Durant son règne, le dirigeant a notamment été à l’origine de la livraison, en 2007, du domaine de Luchin, quartier général champêtre et centre d’entraînement et de formation du club.

Cinq ans plus tard, il inaugure le grand stade Lille Métropole (50 000 places), rebaptisé en 2013 stade Pierre-Mauroy, après le décès de l’ex-maire (PS) de Lille. Retenu pour accueillir des matchs de l’Euro 2016, symbole des visées européennes du club, le nouvel écrin devait aussi être le terrain d’expression d’une équipe au jeu esthétique. « Parmi leurs multiples sorties, les Lillois ont droit à un vrai spectacle sportif.

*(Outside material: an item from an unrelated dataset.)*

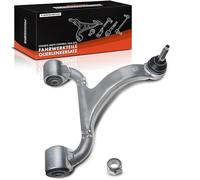 Frankberg Brazo guía transversal Radaufhängung Delantera Derecha Arriba Compatible con M-Klasse W163 ML230 ML270 ML350 ML430 ML500 1998-2005 Sustituir# 1633330101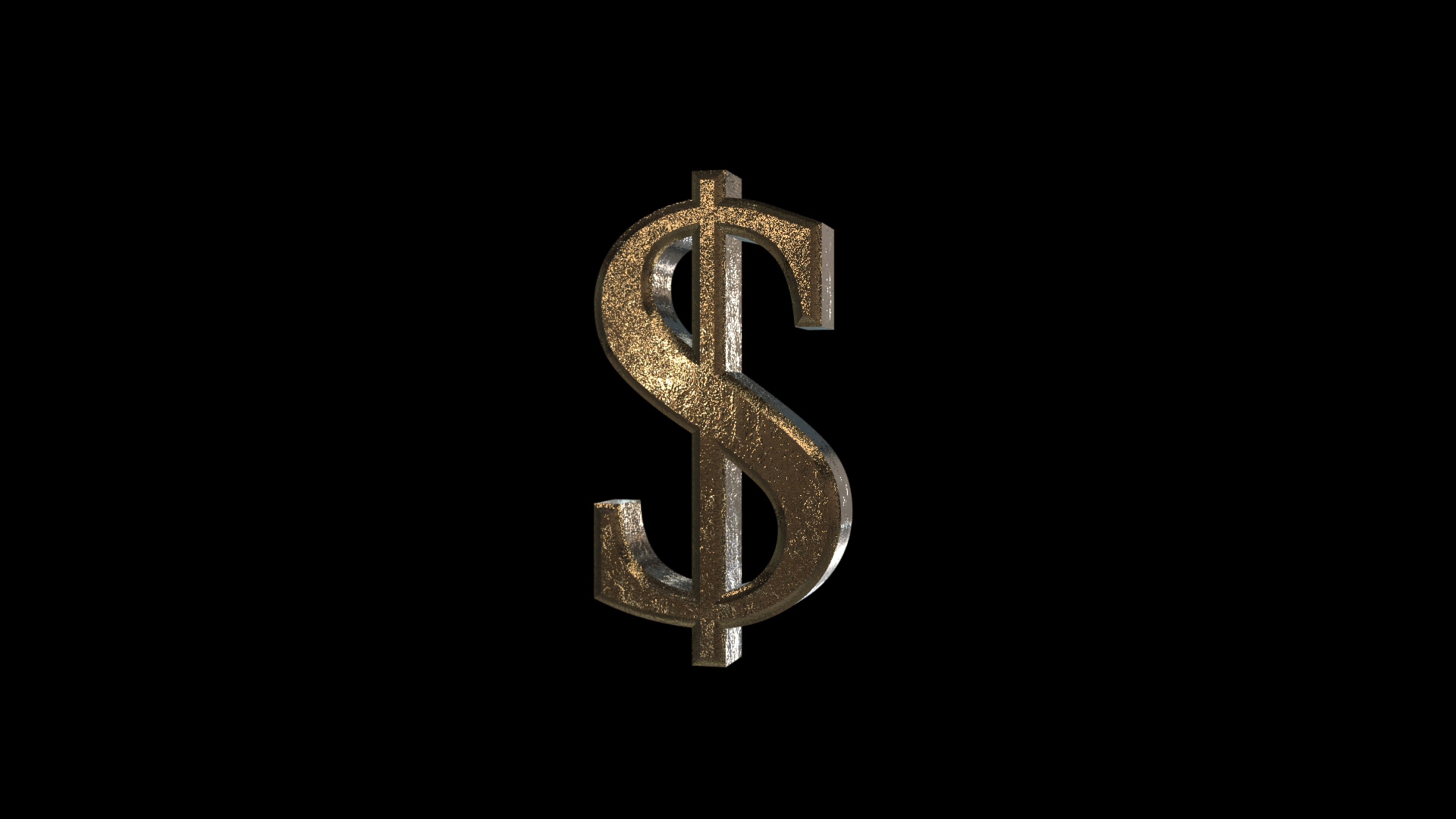 Dollar symbol 1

Je suis issu du monde du cinéma et je tiens à maintenir ce standing. Si les matchs sont agréables à regarder, les clients sont heureux », confiait, en mai 2011 au Monde, Michel Seydoux, « alors en parfaite communion » avec la maire (PS) Martine Aubry sur ce dossier du grand stade.

Les joueurs de Lille le 7 janvier. | PHILIPPE HUGUEN / AFP

« On a été dépassés par le succès »

Après l’ère Rudi Garcia, le LOSC n’enchaînera plus les exploits sur la scène nationale, à l’exception d’une belle troisième place obtenue en Ligue 1 par l’entraîneur René Girard, à l’issue de la saison 2013-2014. « Le doublé de 2011 est un pic sportif, on gagne avec 50 % de joueurs formés au club et un budget inférieur à ceux de nos concurrents [60 millions d’euros à l’époque]. Mais on n’était pas prêts d’être aussi haut aussi vite, reconnaît Jean-Michel Vandamme. On ne peut pas refuser le succès mais on a été dépassés. Derrière, le plus dur c’est de rester performant»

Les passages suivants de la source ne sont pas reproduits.